• [WHAT IS REQUIRED]
When you answer, give every record back exactly as written.

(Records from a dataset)
• • •

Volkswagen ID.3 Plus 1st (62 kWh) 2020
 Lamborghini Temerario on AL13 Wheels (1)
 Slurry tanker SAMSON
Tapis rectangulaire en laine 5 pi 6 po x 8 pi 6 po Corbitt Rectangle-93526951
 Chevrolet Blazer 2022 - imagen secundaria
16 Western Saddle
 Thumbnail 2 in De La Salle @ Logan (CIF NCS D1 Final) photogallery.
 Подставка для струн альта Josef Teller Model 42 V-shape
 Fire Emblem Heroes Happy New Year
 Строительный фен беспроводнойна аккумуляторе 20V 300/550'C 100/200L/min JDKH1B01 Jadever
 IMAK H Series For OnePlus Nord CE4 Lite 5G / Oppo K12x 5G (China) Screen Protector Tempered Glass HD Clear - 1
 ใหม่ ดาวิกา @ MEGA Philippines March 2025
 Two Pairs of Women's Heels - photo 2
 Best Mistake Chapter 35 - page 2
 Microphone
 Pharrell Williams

• • •

• [FINISHED EXERCISE]
Volkswagen ID.3 Plus 1st (62 kWh) 2020
 Lamborghini Temerario on AL13 Wheels (1)
 Slurry tanker SAMSON
Tapis rectangulaire en laine 5 pi 6 po x 8 pi 6 po Corbitt Rectangle-93526951
 Chevrolet Blazer 2022 - imagen secundaria
16 Western Saddle
 Thumbnail 2 in De La Salle @ Logan (CIF NCS D1 Final) photogallery.
 Подставка для струн альта Josef Teller Model 42 V-shape
 Fire Emblem Heroes Happy New Year
 Строительный фен беспроводнойна аккумуляторе 20V 300/550'C 100/200L/min JDKH1B01 Jadever
 IMAK H Series For OnePlus Nord CE4 Lite 5G / Oppo K12x 5G (China) Screen Protector Tempered Glass HD Clear - 1
 ใหม่ ดาวิกา @ MEGA Philippines March 2025
 Two Pairs of Women's Heels - photo 2
 Best Mistake Chapter 35 - page 2
 Microphone
 Pharrell Williams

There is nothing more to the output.